Copy exactly the stretch of lines from the one holding "Sự Báo Thù Của" through the last line of the data below, inclusive. Leave out pictures.

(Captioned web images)
_ _ _ _ _ _ _

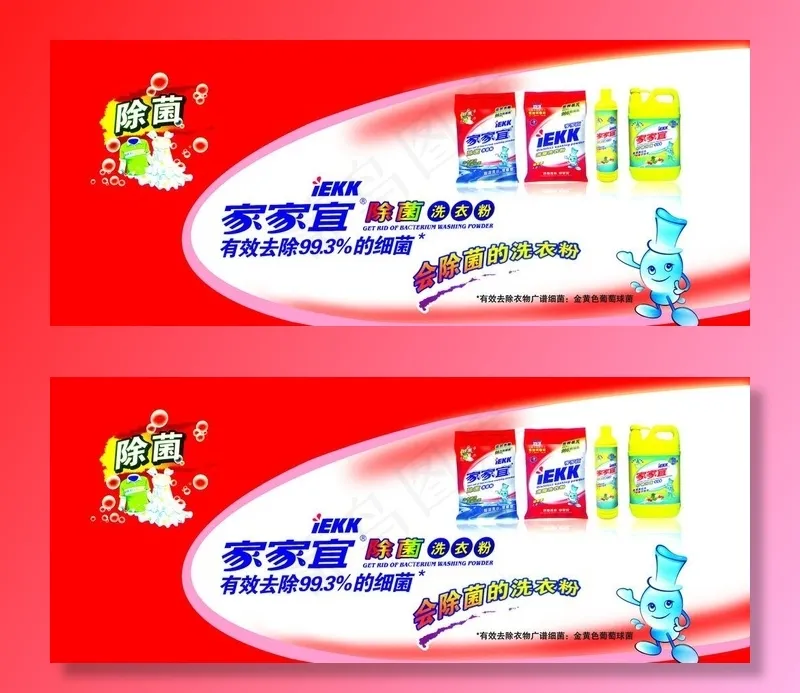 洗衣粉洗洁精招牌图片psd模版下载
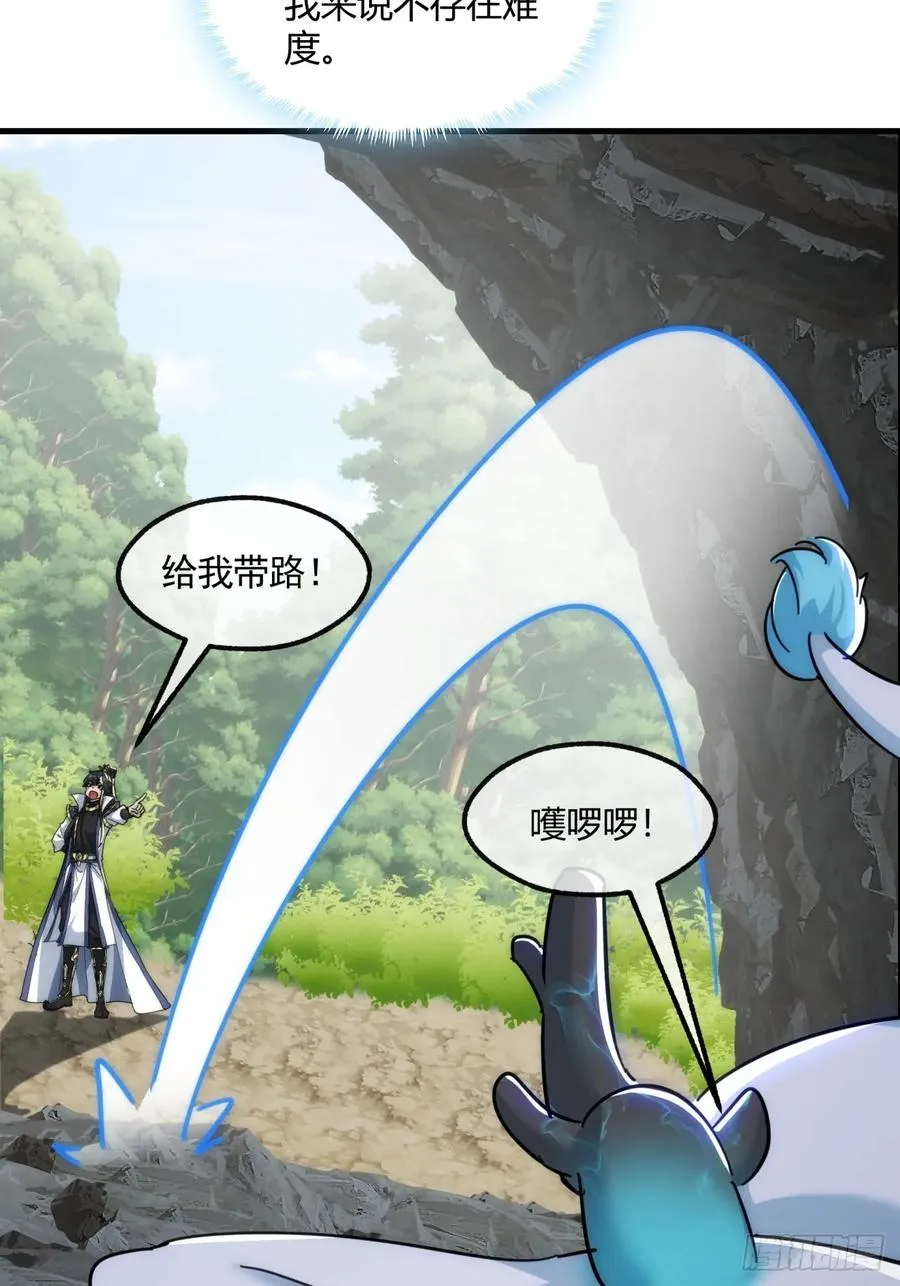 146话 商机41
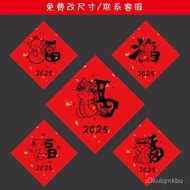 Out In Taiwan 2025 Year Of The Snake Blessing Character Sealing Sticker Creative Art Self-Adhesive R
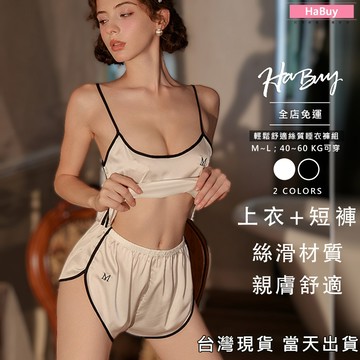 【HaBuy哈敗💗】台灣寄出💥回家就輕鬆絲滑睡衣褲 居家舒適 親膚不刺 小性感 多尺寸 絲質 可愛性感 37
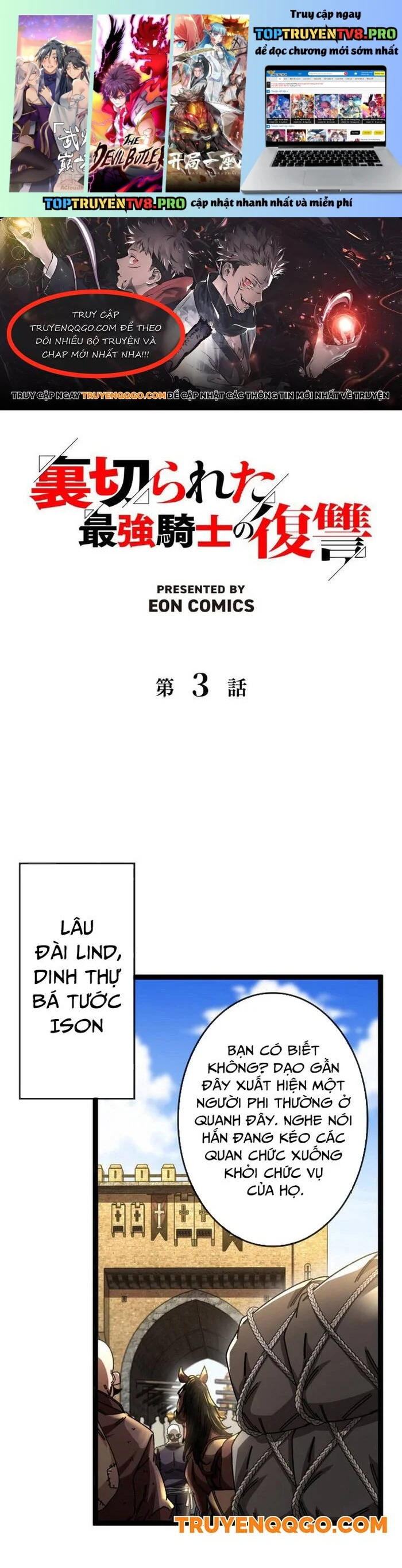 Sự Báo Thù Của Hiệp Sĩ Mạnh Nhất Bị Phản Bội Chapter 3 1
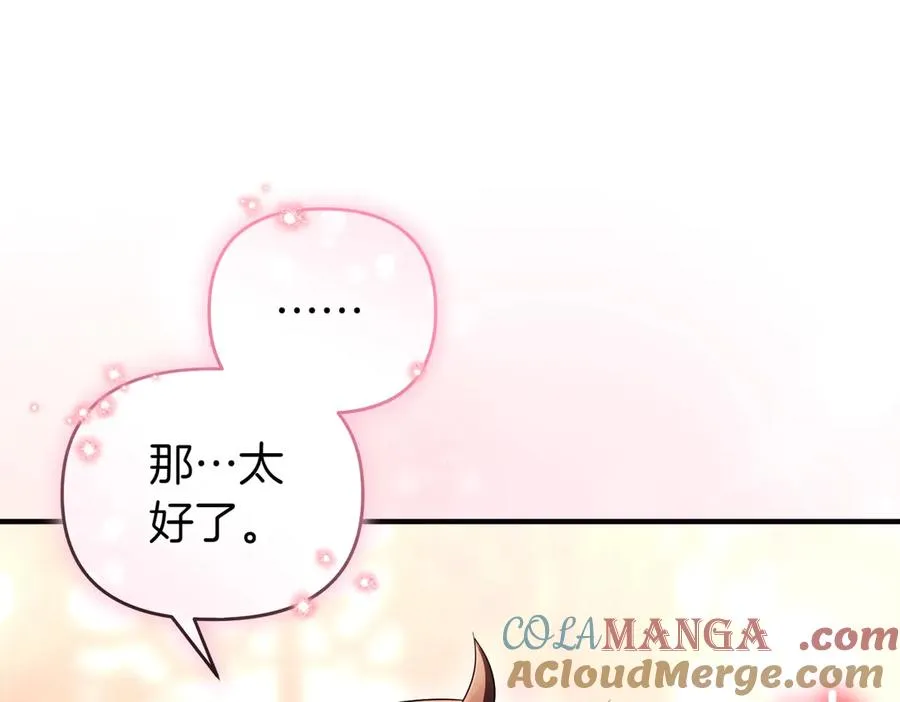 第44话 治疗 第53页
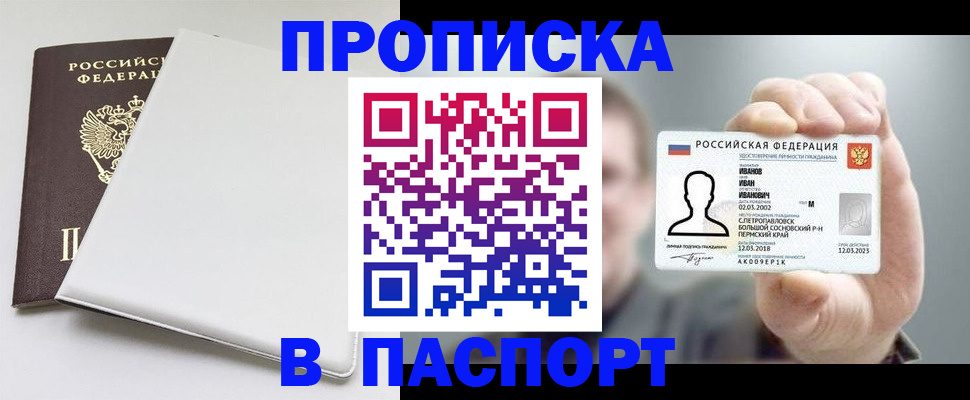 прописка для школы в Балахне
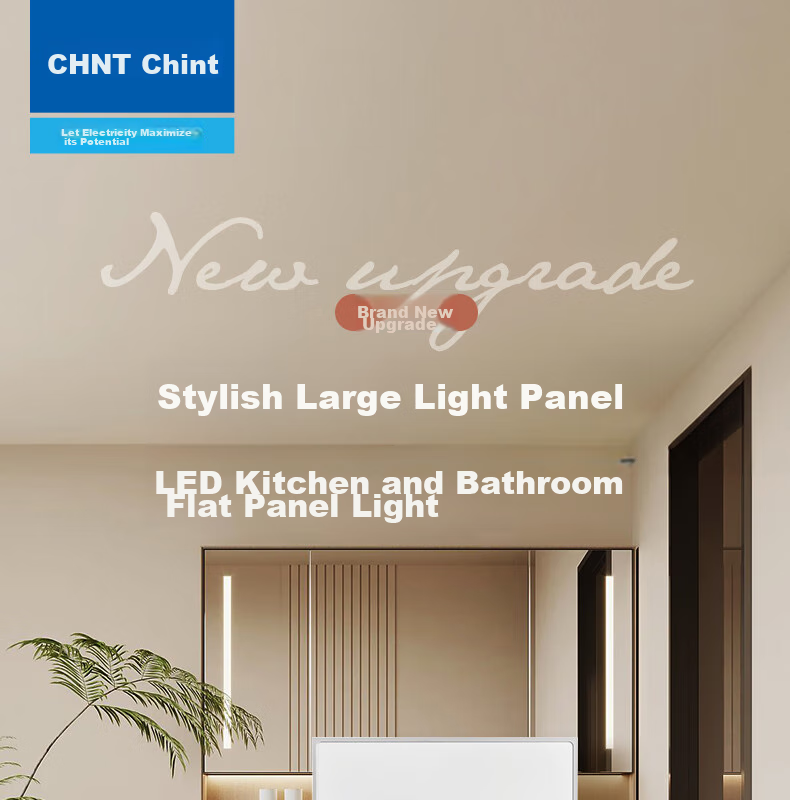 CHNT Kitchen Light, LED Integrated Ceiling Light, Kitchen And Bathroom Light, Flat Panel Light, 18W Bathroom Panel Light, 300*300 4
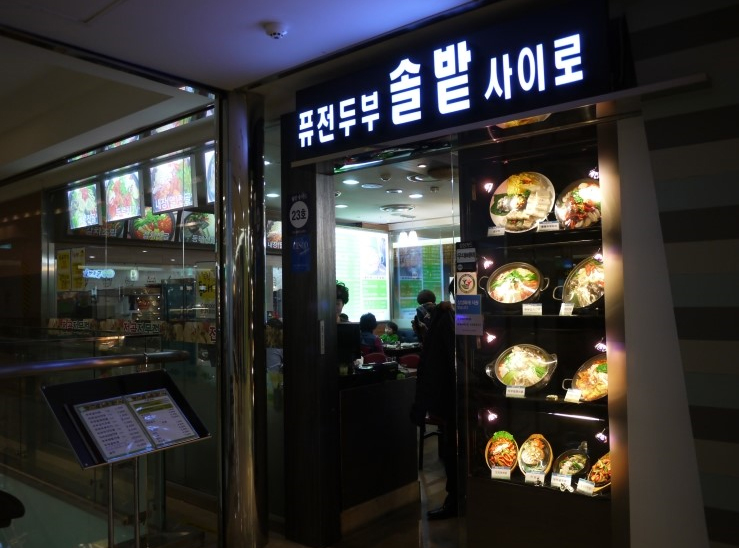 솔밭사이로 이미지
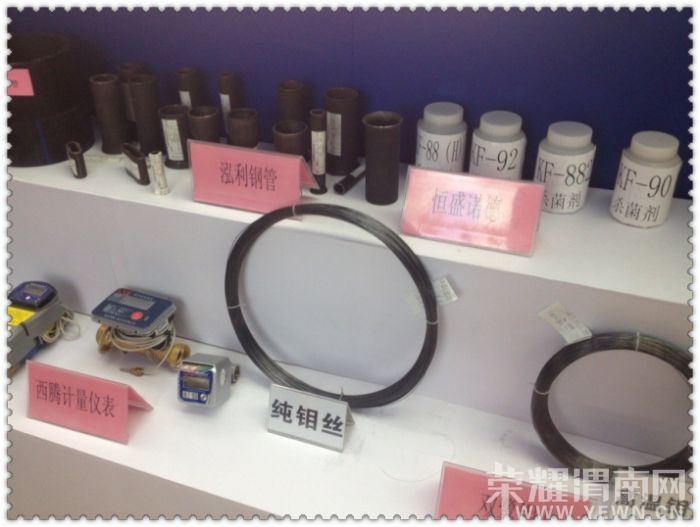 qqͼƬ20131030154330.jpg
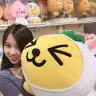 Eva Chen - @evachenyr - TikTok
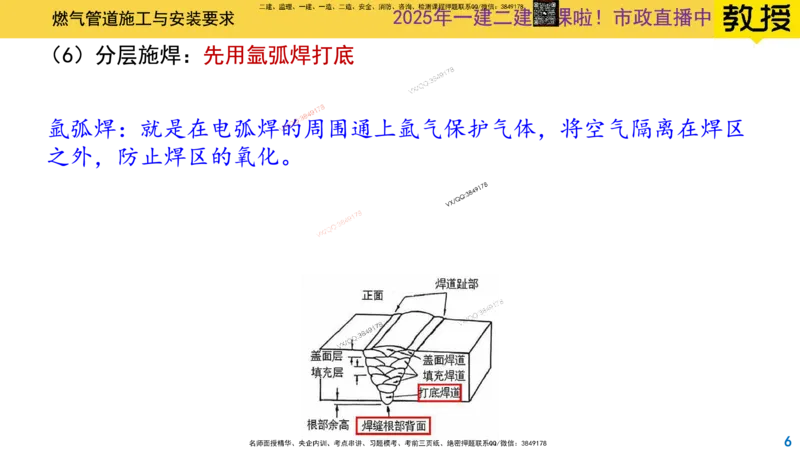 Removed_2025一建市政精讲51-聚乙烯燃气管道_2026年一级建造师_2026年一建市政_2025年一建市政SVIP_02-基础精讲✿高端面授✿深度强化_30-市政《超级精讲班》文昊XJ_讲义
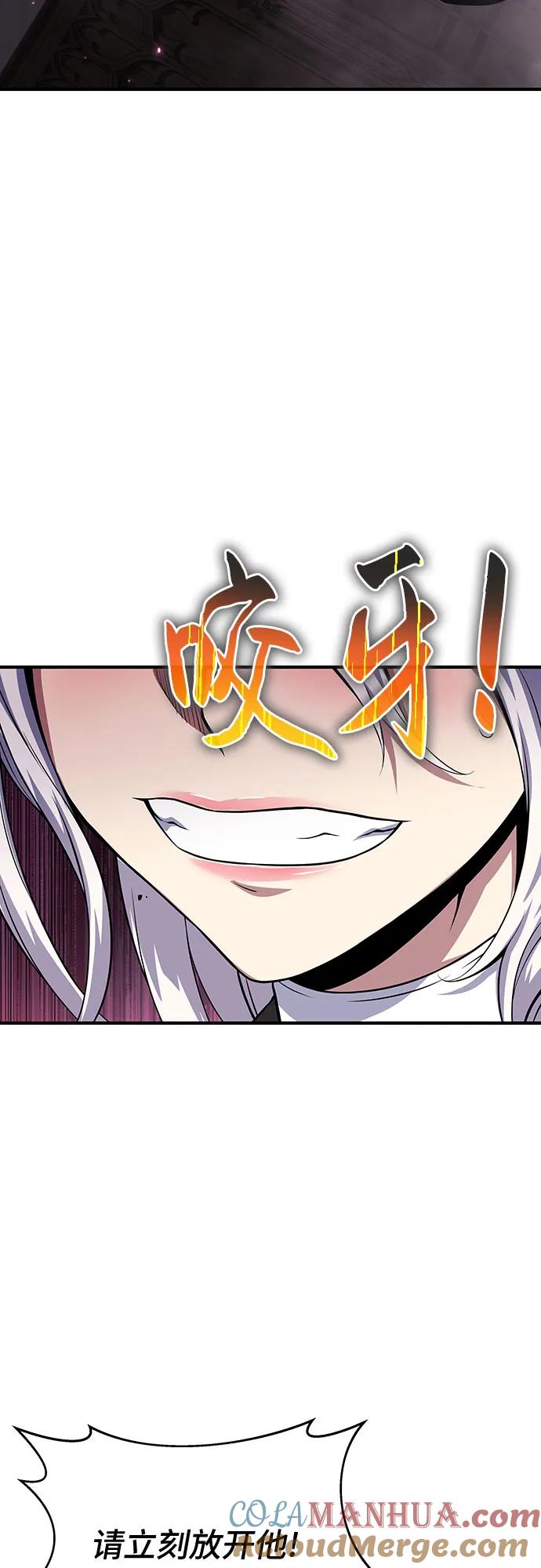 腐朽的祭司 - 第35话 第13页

_ _ _ _ _ _ _

PROBLEM SOLUTION:
 Sự Báo Thù Của Hiệp Sĩ Mạnh Nhất Bị Phản Bội Chapter 3 1
 第44话 治疗 第53页
 прописка для школы в Балахне
 CHNT Kitchen Light, LED Integrated Ceiling Light, Kitchen And Bathroom Light, Flat Panel Light, 18W Bathroom Panel Light, 300*300 4
 솔밭사이로 이미지
 qqͼƬ20131030154330.jpg
 Eva Chen - @evachenyr - TikTok
 Removed_2025一建市政精讲51-聚乙烯燃气管道_2026年一级建造师_2026年一建市政_2025年一建市政SVIP_02-基础精讲✿高端面授✿深度强化_30-市政《超级精讲班》文昊XJ_讲义
 腐朽的祭司 - 第35话 第13页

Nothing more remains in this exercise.